WHAT TO WORK ON: Pictures appear among the records below and must be omitted. Repeat exactly the lines from the line with "Portrait of a" to the line with "Brutalist tripod stool in carved wood, 1950s", both included.

INFORMATION PROVIDED:

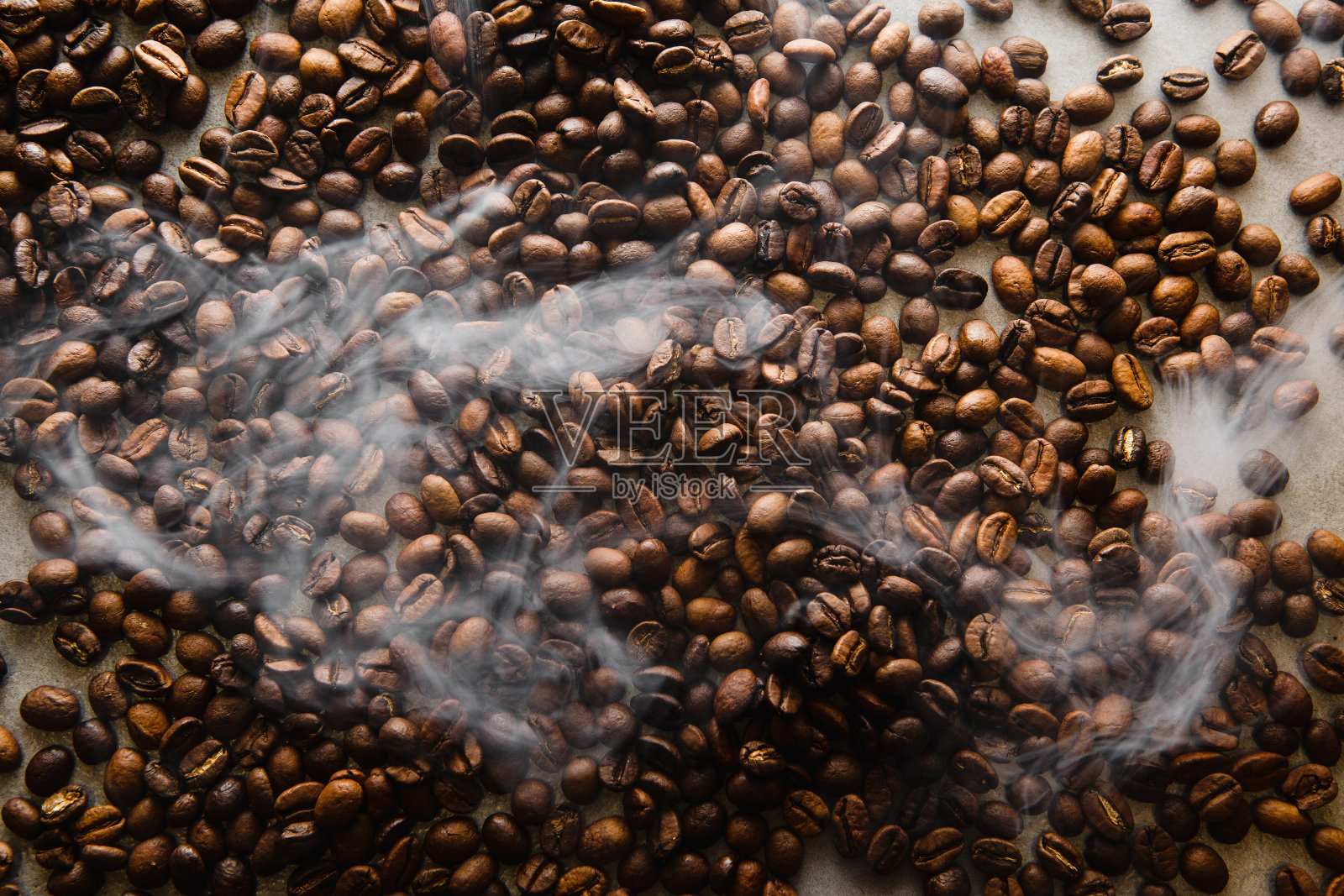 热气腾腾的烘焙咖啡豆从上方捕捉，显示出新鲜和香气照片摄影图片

...

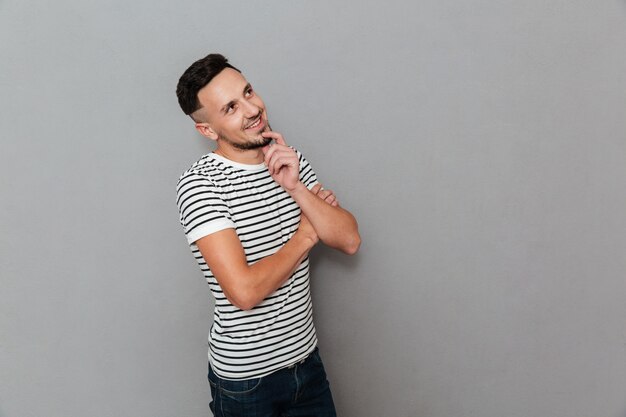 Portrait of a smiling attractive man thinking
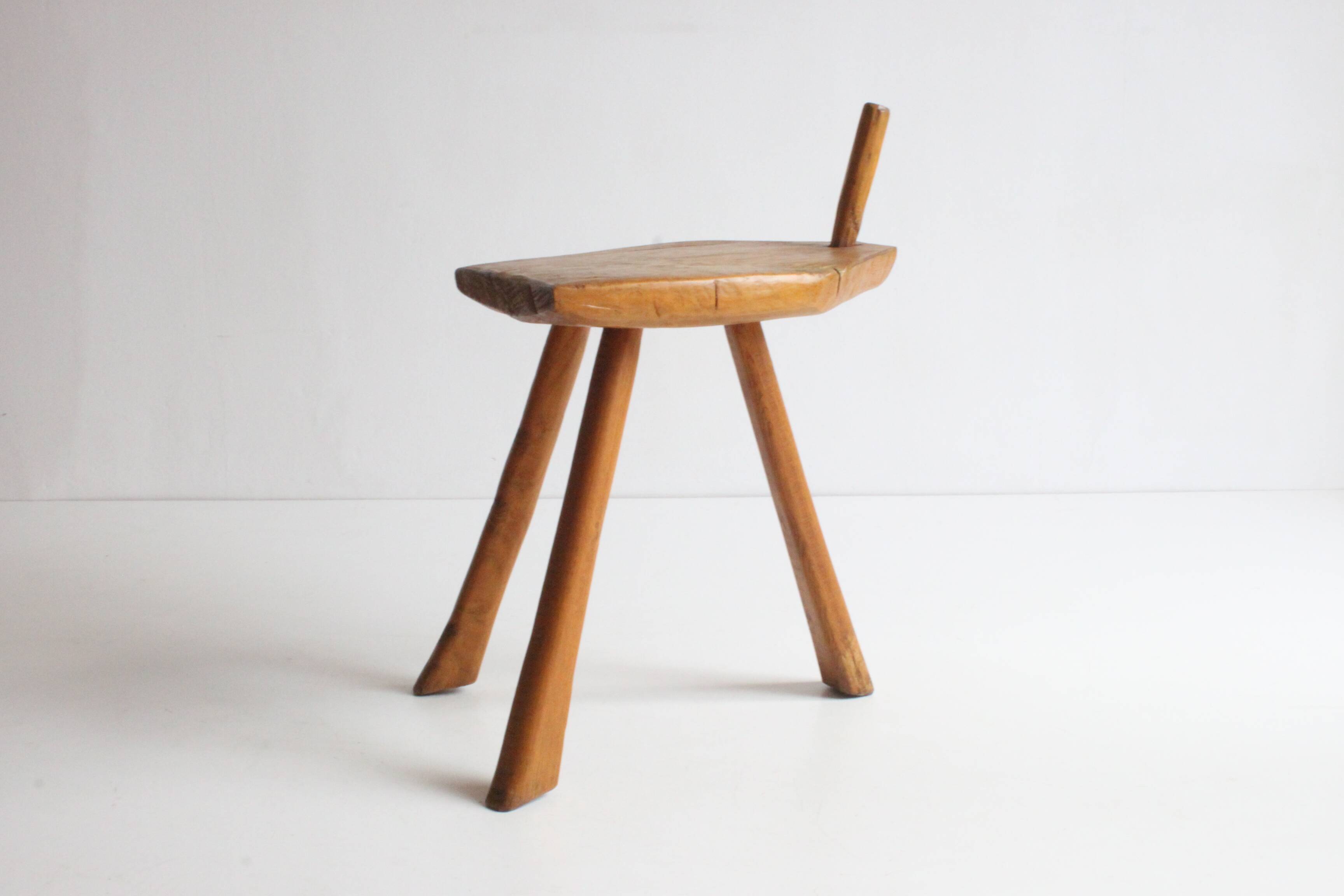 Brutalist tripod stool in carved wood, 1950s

* * *

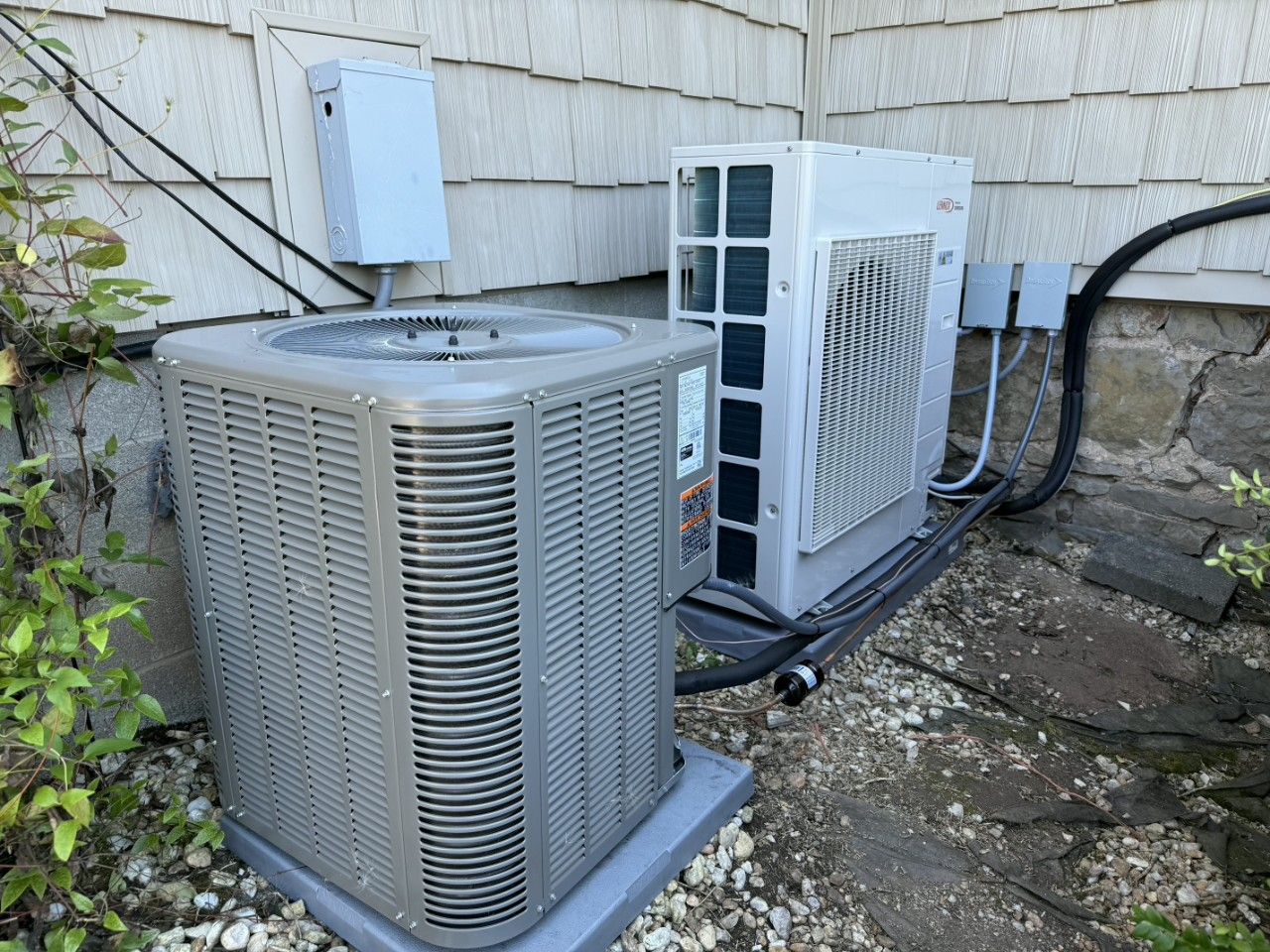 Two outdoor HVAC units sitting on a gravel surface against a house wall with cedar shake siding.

PROBLEM SOLUTION:
 Portrait of a smiling attractive man thinking
 Brutalist tripod stool in carved wood, 1950s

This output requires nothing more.